Adjusted operating profit of $34 million down 66% year-on-year on a CER basis (down 67% reported); resilient margins despite significant COVID-19 disruption as a result of the ability to significantly flex our cost base during the period.
Adjusted EPS of zero cents driven by lower adjusted operating profits, higher effective tax rate and the impact of mark-to-market foreign exchange losses (primarily due to weakened Sterling in the period).
Reported operating profit of $29 million and basic EPS of (0.6) cents; lower than adjusted measures primarily due to certain non-cash impairment costs in relation to COVID-19.
Adjusted free cash outflow of $5 million (2019: $21 million inflow) reflecting prudent cash management (e.g. lower capital expenditure), and working capital unwind in Q2 based on strong collections and lower activity levels.
Closing net debt (incl. IFRS 16) of $267 million; flat year-on-year despite purchase of Pharr HP business in February for $37 million; net debt (excl.

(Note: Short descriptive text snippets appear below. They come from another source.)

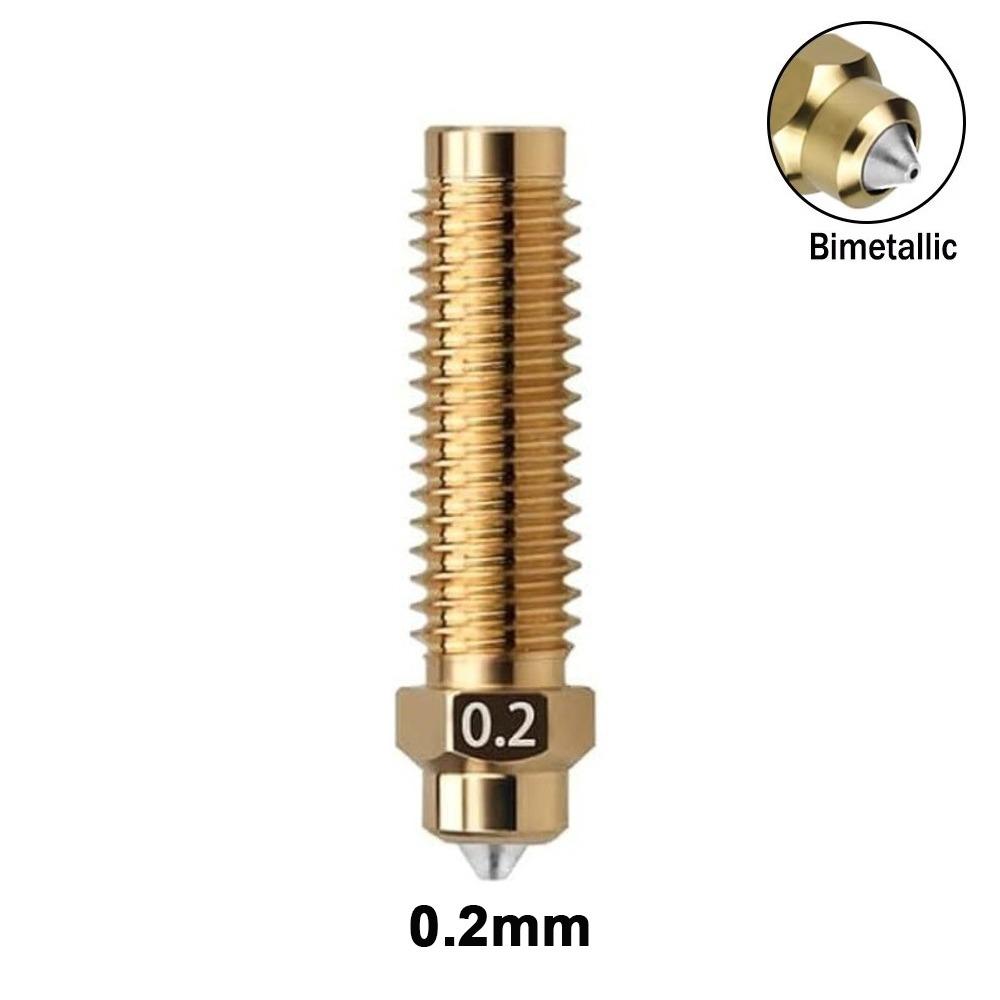 1pcs Brass Ceramic Hotend Nozzle Bimetallic Upgrade Parts Hotend Kit for Elegoo Centauri Carbon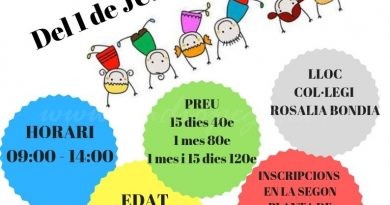 Finalitza el termini d’inscripcions per a l’Escola municipal d’estiu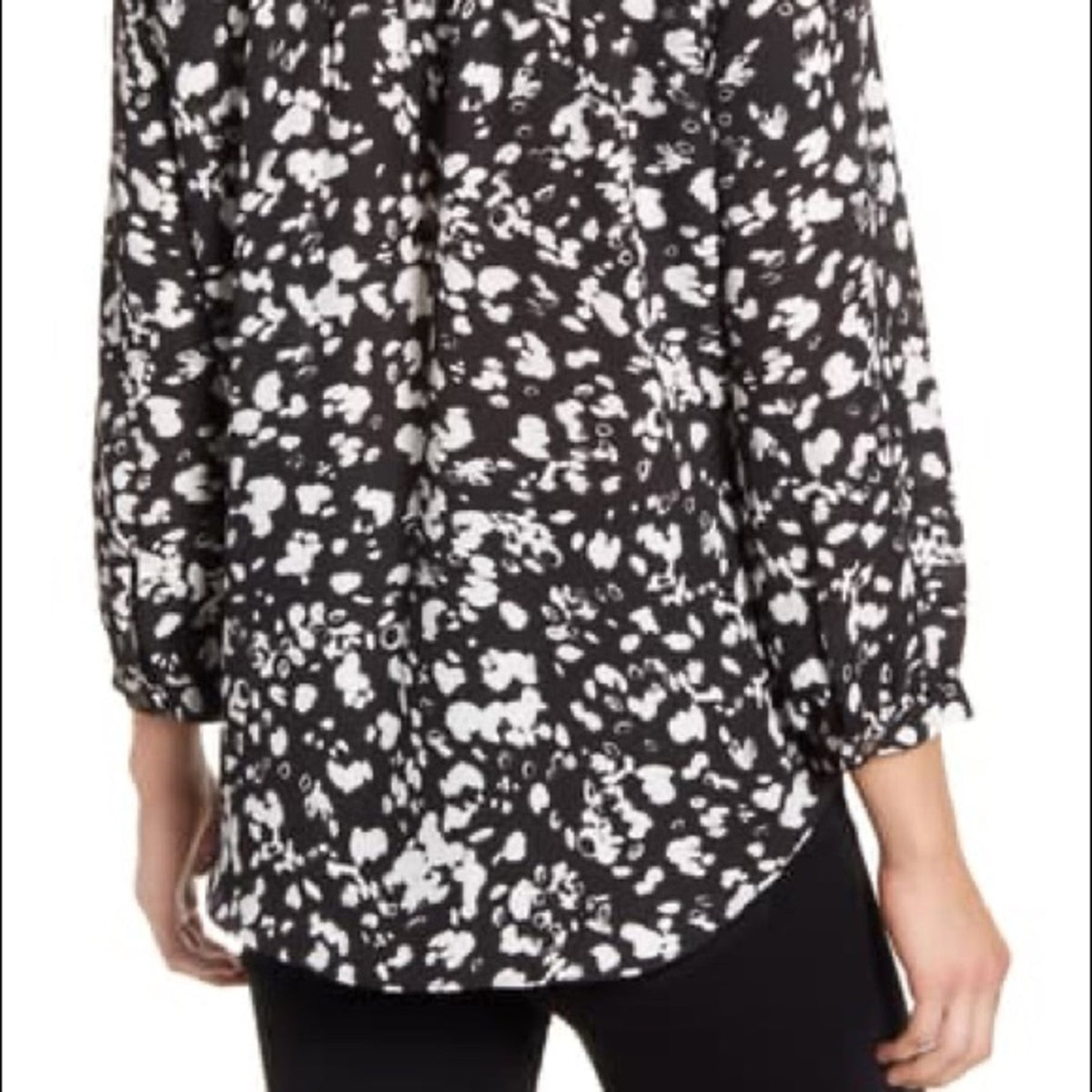 Vince Camuto NEW Floral Rumple Blouse Size Medium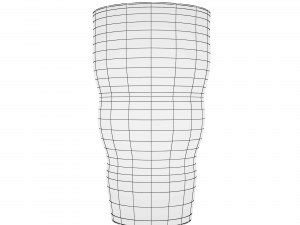 glass series - iced tea double bulge 3D-Modell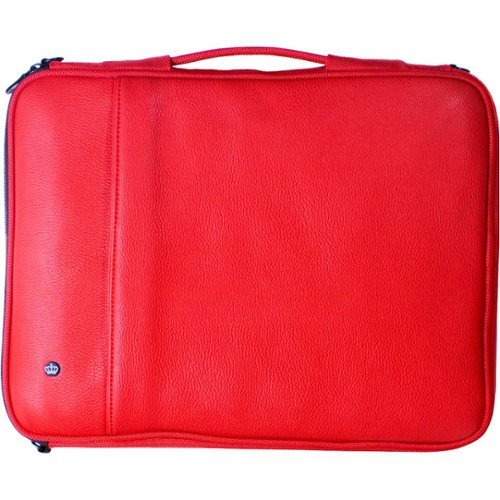 PKG Sleeve for 10 Laptop - Faux Cow Red INTERNATIONAL SHIPPING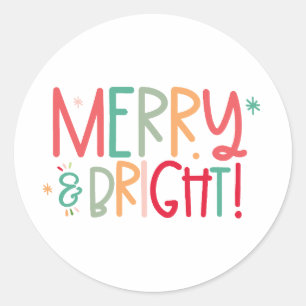 Merry and Bright Sticker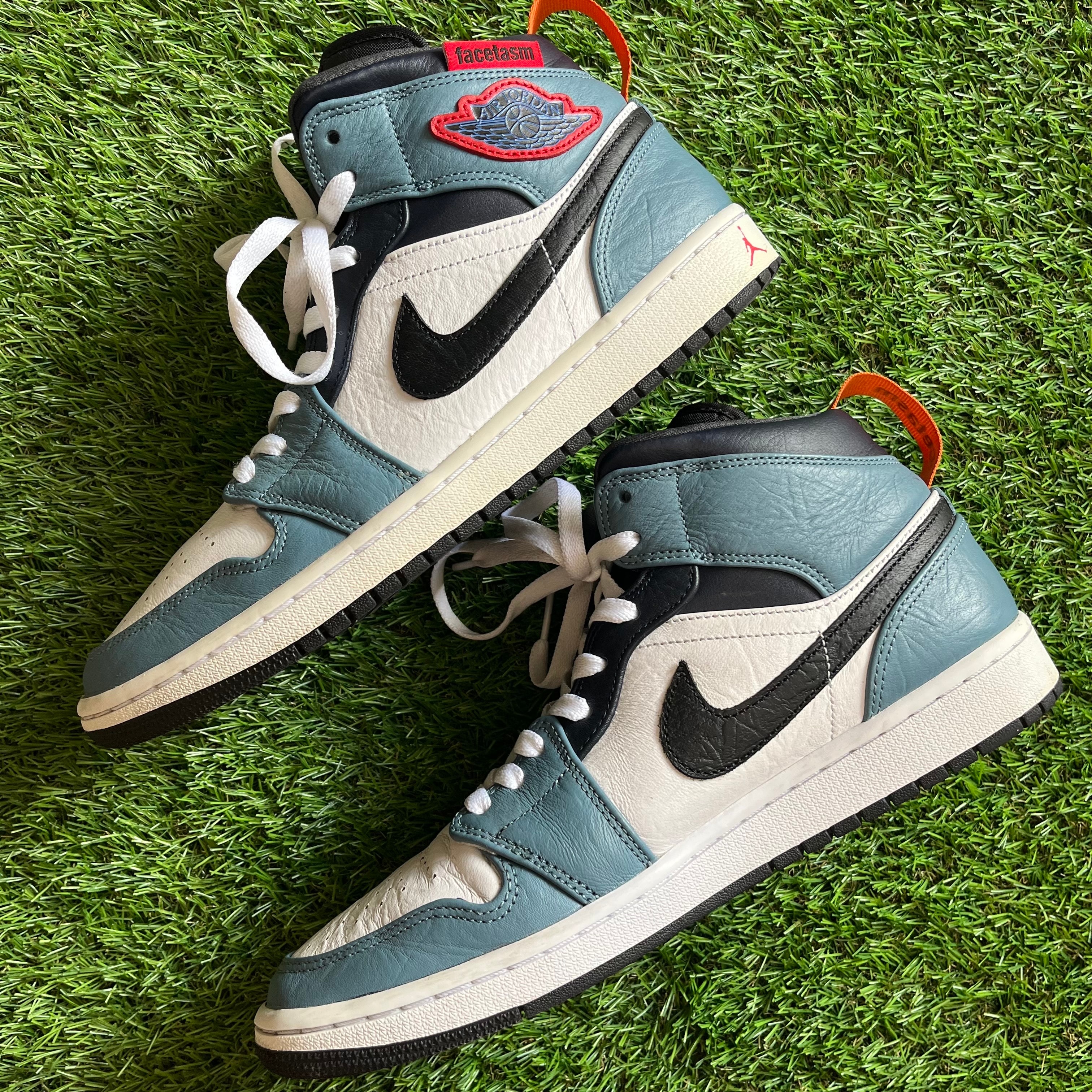 FACETASM × Nike Air Jordan 1 Mid "White/Navy"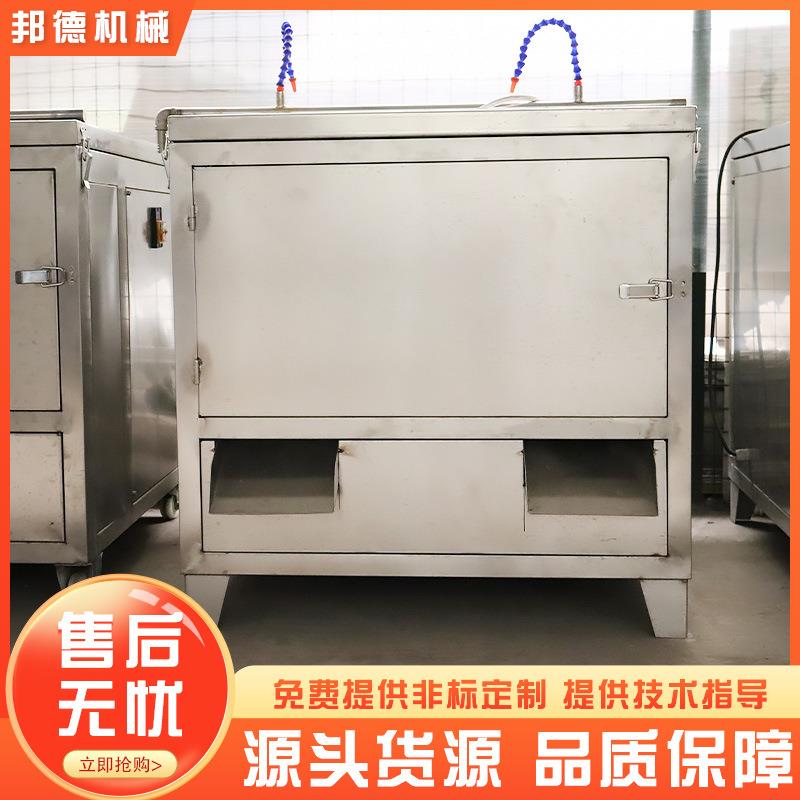 全自动鸡肠鸭肠猪红肠剖肠机不锈钢制作双工位操作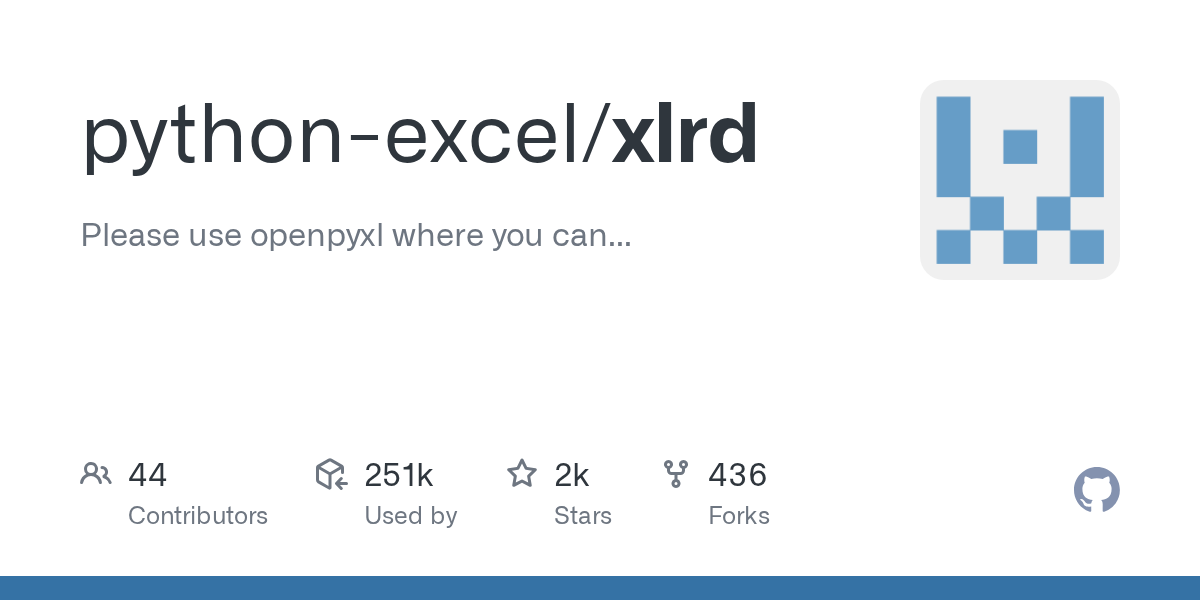 xlrd: A Python Library for Reading Legacy Excel .xls Files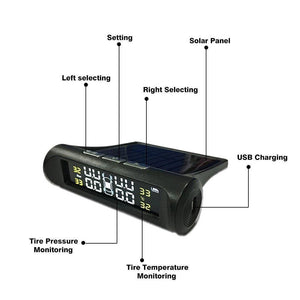 Planet Gates Tire Pressure Sensor Alarm Monitor System Internal / External Tire Temperature Sensor Wireless Pressure Sensor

IFRS 16) of $207 million (1.3x leverage 6).
Committed facility headroom of $270 million; providing comfortable liquidity and further improved since May Trading Update.
Covid-19 underpinning actions
Full year 2020 capital expenditure to be reduced by c.70% to c.$15 million.
Flexing of manufacturing footprint to manage impact of lower volumes.
Q2 pay reductions for some 4,000 of our non-operational staff, senior management and Board.
Agreeing with our UK pension trustees the deferrals of our remaining 2020 deficit recovery contributions.
Cancellation of final 2019 dividend; no interim 2020 dividend declared.
Significant reductions in other discretionary spend; SG&A down 21% year-on-year in Q2.
£300 million of undrawn funding via Bank of England Covid Corporate Financing Facility (CCFF) available, providing additional headroom if required.
Unwavering focus on supporting our customers; already delivering incremental new customer wins and share gains from competitors as we are able to leverage our global footprint, flexibility and digital tools to deliver exceptional customer service.
Group remains well placed to navigate through the current challenging environment and emerge even stronger having moved quickly and prudently on underpinning measures.
Balance Sheet remains in a strong position providing optionality over most attractive investments during post-COVID recovery phase.
13 new product launches during the period; pace of innovation accelerating, with strong pipeline in place.
Launch of Coats Fast Start to help address the global shortage of PPE; aligned to the accelerating shift to industry digitisation.
Acquisition of Pharr High Performance Yarns, completed in February; combination with existing US Personal Protection business delivers scale and market leadership in an attractive growth market.